### What to do:
Nothing beyond the line containing "ONE OK ROCK 2017 AMBITIONS 슬리브리스 티셔츠 M" is to be printed; print exactly each line from the start of the records below through that line, leaving out pictures.

[Given records Boundary: Start]

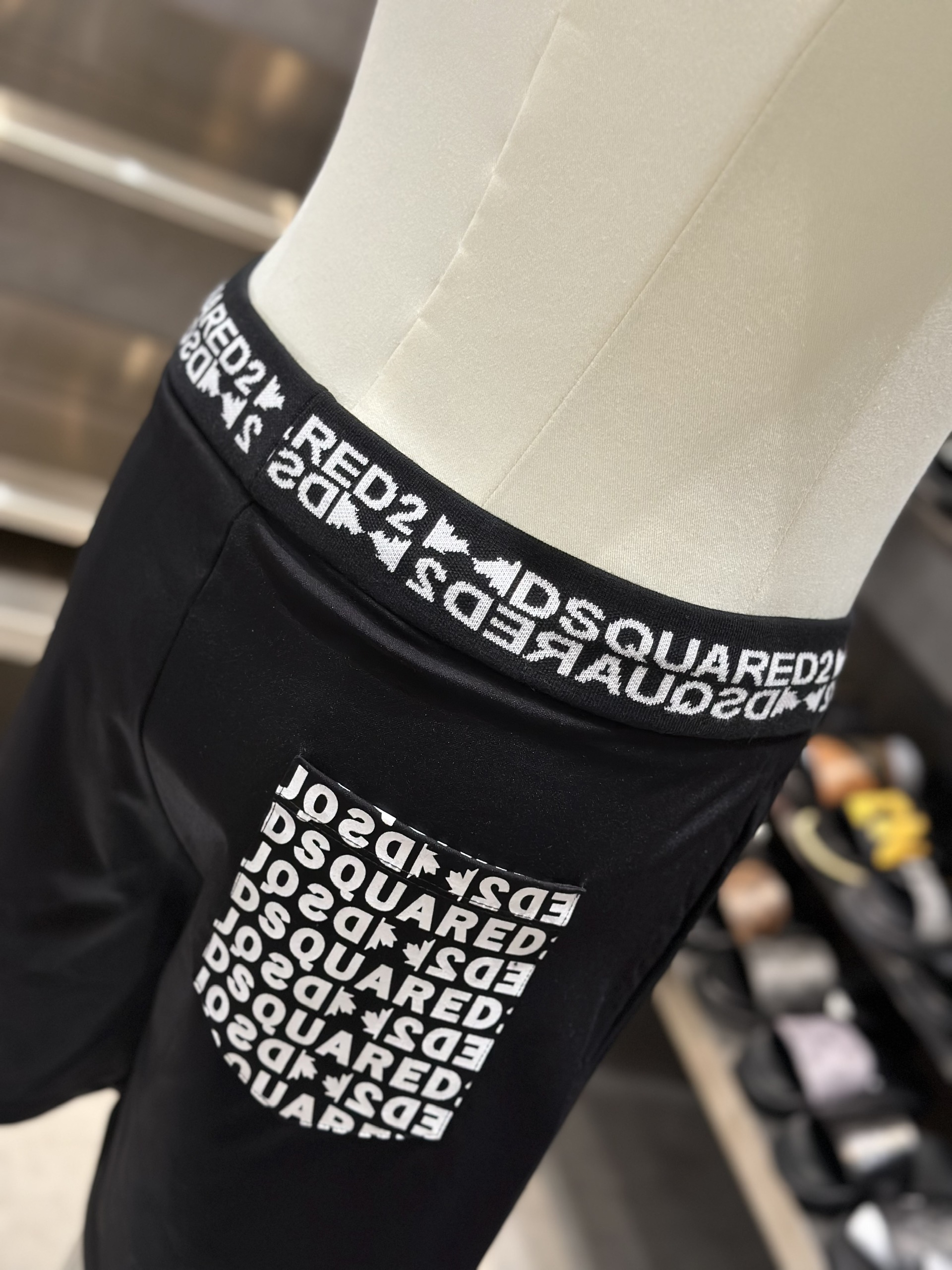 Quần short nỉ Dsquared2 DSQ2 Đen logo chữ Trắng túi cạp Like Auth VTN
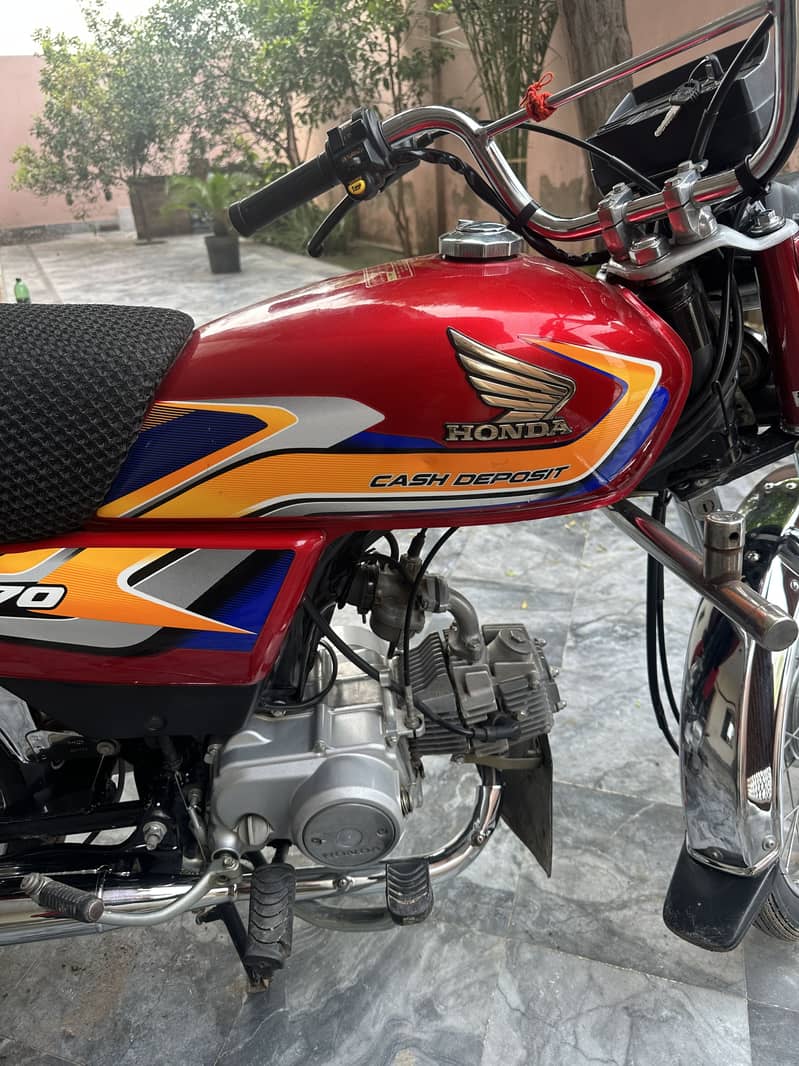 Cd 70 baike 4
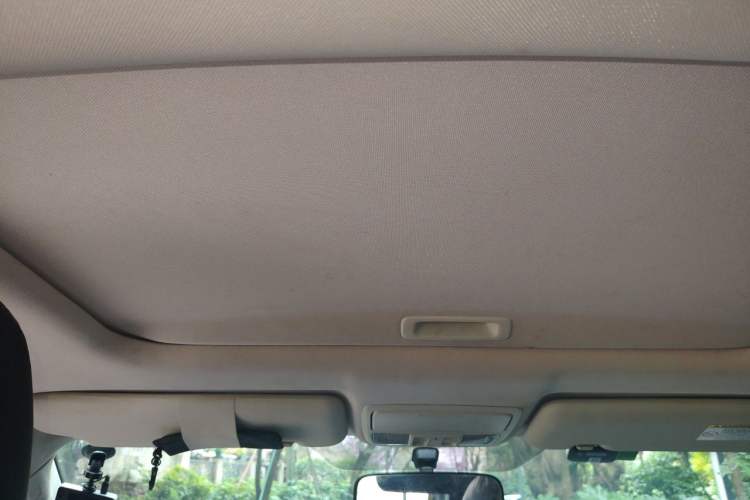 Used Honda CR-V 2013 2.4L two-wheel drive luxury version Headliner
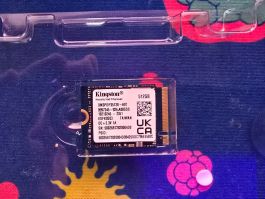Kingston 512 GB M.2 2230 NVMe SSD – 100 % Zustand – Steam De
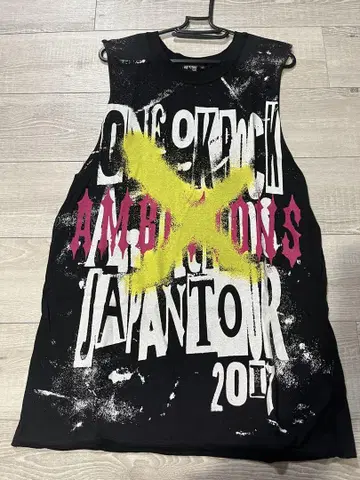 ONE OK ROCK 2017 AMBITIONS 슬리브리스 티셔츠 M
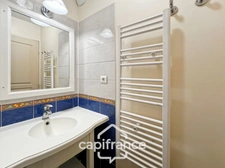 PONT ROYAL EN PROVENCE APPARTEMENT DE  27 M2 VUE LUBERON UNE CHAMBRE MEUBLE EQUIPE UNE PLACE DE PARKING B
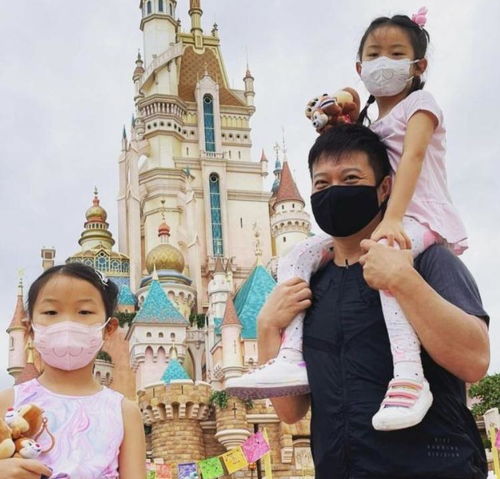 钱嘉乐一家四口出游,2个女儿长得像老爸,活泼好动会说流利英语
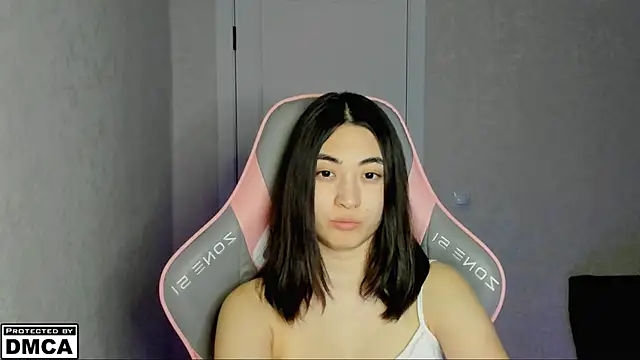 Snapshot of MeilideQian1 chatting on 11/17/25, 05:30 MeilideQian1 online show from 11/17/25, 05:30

[Given records Boundary: End]

### Answer below:
 Quần short nỉ Dsquared2 DSQ2 Đen logo chữ Trắng túi cạp Like Auth VTN
 Cd 70 baike 4
 Used Honda CR-V 2013 2.4L two-wheel drive luxury version Headliner
Kingston 512 GB M.2 2230 NVMe SSD – 100 % Zustand – Steam De
 ONE OK ROCK 2017 AMBITIONS 슬리브리스 티셔츠 M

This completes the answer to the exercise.